Check the appropriate box below if the Form 8-K filing is intended to simultaneously satisfy the filing obligation of the registrant under any of the following provisions (see General Instruction A.2. below)
[ ] Written communications pursuant to Rule 425 under the Securities Act (17 CFR 230.425)
[ ] Soliciting material pursuant to Rule 14a-12 under the Exchange Act (17 CFR 240.14a-12)
[ ] Pre-commencement communications pursuant to Rule 14d-2(b) under the Exchange Act (17 CFR 240.14d-2(b))
[ ] Pre-commencement communications pursuant to Rule 13e-4(c) under the Exchange Act (17 CFR 240.13e-4(c))


1



Item 4.01 Change in Registrant’s Certifying Accountant.
(a) The Audit Committee of the Board of Directors (the “Audit Committee”) of Delta Apparel, Inc. (the “Company”) has completed a competitive selection process for an audit firm to serve as the Company’s independent registered public accounting firm for the fiscal year ending September 27, 2014, and the transition period resulting from the recent change in the Company's fiscal year-end.
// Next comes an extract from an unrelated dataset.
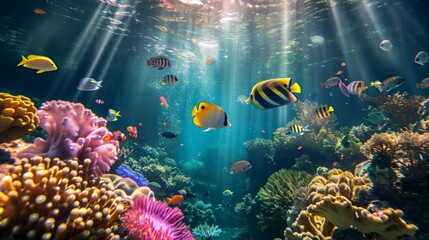Naklejka premium A vibrant underwater scene showcasing colorful coral reefs and diverse fish species.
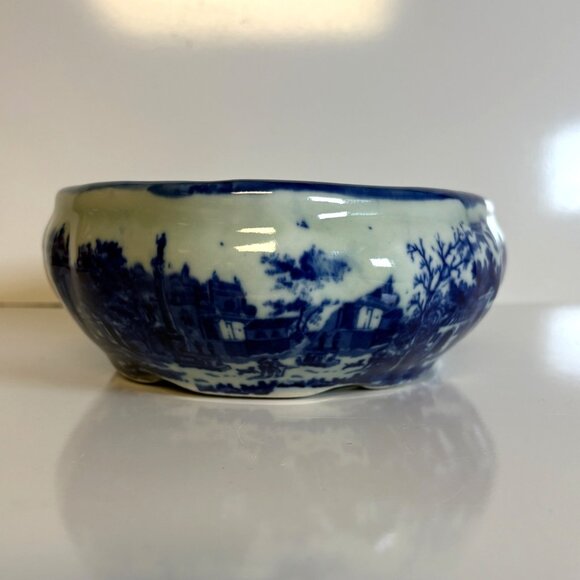 Flow Blue Victoria Ware Ironstone Bowl Vintage Wash Basin Planter - Picture 3 of 7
As a result of this process and following careful deliberation, on February 10, 2014, the Audit Committee approved the engagement of KPMG LLP (“KPMG”) as the Company’s independent registered public accounting firm for the fiscal year ending September 27, 2014, and aforementioned transition period and dismissed Ernst & Young LLP (“Ernst &Young”) from that role. The engagement of KPMG is effective as of February 13, 2014.
The reports of Ernst & Young on the Company’s consolidated financial statements for the fiscal years ended June 29, 2013, and June 30, 2012, did not contain an adverse opinion or a disclaimer of opinion, and were not qualified or modified as to uncertainty, audit scope or accounting principles. During the fiscal years ended June 29, 2013, and June 30, 2012, and the subsequent interim period through February 10, 2014, there were no (i) “disagreements” (as that term is defined in Item 304(a)(1)(iv) of Regulation S-K) with Ernst & Young on any matter of accounting principles or practices, financial statement disclosure, or auditing scope or procedure, which, if not resolved to Ernst & Young’s satisfaction, would have caused Ernst & Young to make reference to the subject matter thereof in its reports for such fiscal years and interim period, or (ii) “reportable events” as that term is described in Item 304(a)(1)(v) of Regulation S-K.
The Company provided Ernst & Young with a copy of the disclosures it is making in this Current Report on Form 8-K and requested that Ernst & Young furnish a letter addressed to the Securities and Exchange Commission stating whether it agrees with such disclosures. A copy of Ernst & Young’s letter, dated February 13, 2014, is filed herewith as Exhibit 16.1.
(b) During the fiscal years ended June 29, 2013, and June 30, 2012, and the subsequent interim period through February 13, 2014, neither the Company nor anyone on its behalf consulted with KPMG regarding (i) the application of accounting principles to a specified transaction, either completed or proposed, or the type of audit opinion that might be rendered on the Company’s financial statements, and no written report or oral advice was provided to the Company that KPMG concluded was an important factor considered by the Company in reaching a decision as to any accounting, auditing or financial reporting issue; or (ii) any matter that was either the subject of a “disagreement” (as that term is defined in Item 304(a)(1)(iv) of Regulation S-K) or a “reportable event” (as that term is described in Item 304(a)(1)(v) of Regulation S-K).
Item 9.01 Financial Statements and Exhibits.
(d) Exhibits
The following exhibit is filed in accordance with the provisions of Item 601 of Regulation S-K:
 
Exhibit Number
Description
 
 
16.1
Letter from Ernst & Young LLP, dated February 13, 2014.


2



SIGNATURES

Pursuant to the requirements of the Securities Exchange Act of 1934, the registrant has duly caused this report to be signed on its behalf by the undersigned hereunto duly authorized.


 
 
DELTA APPAREL, INC.
 
 
 
 
 
 
Date:
February 13, 2014
/s/ Deborah H. Merrill
 
 
Deborah H. Merrill
 
 
Vice President, Chief Financial Officer & Treasurer
 
 
 






3


Exhibit 16.1



February 13, 2014

Securities and Exchange Commission
100 F Street, N.E.
Washington, DC 20549
Ladies and Gentlemen:
We have read Item 4.01(a) of Form 8-K dated February 13, 2014, of Delta Apparel, Inc. and are in agreement with the statements contained in the second and third paragraphs of page 2 therein. We have no basis to agree or disagree with other statements of the registrant contained therein.